→ WORK TO BE COMPLETED:
All lines below containing "Diamond" are to be listed.

EXERCISE INPUT: Begin

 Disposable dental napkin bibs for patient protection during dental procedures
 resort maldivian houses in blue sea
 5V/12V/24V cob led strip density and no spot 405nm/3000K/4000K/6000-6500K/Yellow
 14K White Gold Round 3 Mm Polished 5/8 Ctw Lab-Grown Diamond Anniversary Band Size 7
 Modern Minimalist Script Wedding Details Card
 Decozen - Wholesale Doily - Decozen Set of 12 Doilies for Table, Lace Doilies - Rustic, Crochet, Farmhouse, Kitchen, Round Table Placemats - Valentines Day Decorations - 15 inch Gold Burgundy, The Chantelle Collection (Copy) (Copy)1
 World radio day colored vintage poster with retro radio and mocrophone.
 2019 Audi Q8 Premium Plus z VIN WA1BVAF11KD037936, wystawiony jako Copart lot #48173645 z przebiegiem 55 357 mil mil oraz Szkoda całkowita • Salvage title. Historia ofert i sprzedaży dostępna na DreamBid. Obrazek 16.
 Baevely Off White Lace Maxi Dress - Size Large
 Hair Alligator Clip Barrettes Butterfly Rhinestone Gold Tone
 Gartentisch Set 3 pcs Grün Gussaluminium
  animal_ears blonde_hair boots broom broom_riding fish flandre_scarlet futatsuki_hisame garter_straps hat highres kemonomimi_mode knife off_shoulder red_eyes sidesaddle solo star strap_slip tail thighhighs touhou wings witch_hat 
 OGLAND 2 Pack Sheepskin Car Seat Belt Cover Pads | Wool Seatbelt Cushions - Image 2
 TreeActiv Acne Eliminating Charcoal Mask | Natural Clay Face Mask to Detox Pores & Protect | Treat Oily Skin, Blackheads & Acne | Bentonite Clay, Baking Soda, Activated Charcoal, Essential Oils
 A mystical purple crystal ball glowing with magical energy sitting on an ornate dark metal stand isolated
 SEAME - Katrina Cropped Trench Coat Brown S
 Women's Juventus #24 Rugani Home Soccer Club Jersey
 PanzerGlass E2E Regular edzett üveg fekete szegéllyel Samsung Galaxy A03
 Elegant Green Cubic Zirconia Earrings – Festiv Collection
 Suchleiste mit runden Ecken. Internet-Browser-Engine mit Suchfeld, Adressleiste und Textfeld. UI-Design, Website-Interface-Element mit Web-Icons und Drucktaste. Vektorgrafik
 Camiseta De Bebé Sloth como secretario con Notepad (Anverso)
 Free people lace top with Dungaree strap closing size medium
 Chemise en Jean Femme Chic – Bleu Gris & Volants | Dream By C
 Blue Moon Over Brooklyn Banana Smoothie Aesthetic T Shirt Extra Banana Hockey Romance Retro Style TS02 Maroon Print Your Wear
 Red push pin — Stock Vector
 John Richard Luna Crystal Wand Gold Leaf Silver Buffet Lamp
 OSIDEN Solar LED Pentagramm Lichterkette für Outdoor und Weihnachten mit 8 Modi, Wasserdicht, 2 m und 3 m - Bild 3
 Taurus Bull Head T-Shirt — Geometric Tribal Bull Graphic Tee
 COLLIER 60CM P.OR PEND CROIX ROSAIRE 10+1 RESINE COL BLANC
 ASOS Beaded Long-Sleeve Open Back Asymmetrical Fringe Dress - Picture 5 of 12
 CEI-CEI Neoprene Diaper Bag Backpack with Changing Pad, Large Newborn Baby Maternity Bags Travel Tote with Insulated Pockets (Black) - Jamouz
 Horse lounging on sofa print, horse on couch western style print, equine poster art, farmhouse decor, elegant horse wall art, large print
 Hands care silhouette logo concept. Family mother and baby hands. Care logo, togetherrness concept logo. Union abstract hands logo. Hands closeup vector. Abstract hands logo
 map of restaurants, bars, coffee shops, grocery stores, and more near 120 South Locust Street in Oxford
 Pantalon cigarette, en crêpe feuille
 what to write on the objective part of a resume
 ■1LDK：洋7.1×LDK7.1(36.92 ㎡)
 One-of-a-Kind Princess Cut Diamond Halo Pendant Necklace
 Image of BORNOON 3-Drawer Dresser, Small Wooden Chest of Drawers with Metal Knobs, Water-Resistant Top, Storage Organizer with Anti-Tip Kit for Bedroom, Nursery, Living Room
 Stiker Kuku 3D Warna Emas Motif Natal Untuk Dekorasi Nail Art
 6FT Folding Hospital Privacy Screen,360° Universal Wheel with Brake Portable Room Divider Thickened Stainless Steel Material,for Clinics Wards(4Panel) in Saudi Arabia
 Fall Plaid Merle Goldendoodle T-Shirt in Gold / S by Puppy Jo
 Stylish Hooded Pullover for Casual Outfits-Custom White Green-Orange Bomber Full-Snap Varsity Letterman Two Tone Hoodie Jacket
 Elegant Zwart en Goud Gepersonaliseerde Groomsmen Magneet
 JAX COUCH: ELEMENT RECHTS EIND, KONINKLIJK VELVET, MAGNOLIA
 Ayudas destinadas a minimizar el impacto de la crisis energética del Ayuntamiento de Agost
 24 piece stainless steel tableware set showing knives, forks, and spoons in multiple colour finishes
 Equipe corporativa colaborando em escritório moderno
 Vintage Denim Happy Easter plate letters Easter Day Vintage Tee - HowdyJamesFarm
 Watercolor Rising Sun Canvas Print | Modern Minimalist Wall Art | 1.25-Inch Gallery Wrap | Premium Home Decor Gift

EXERCISE INPUT: End

→ EXERCISE ANSWER:
 14K White Gold Round 3 Mm Polished 5/8 Ctw Lab-Grown Diamond Anniversary Band Size 7
 One-of-a-Kind Princess Cut Diamond Halo Pendant Necklace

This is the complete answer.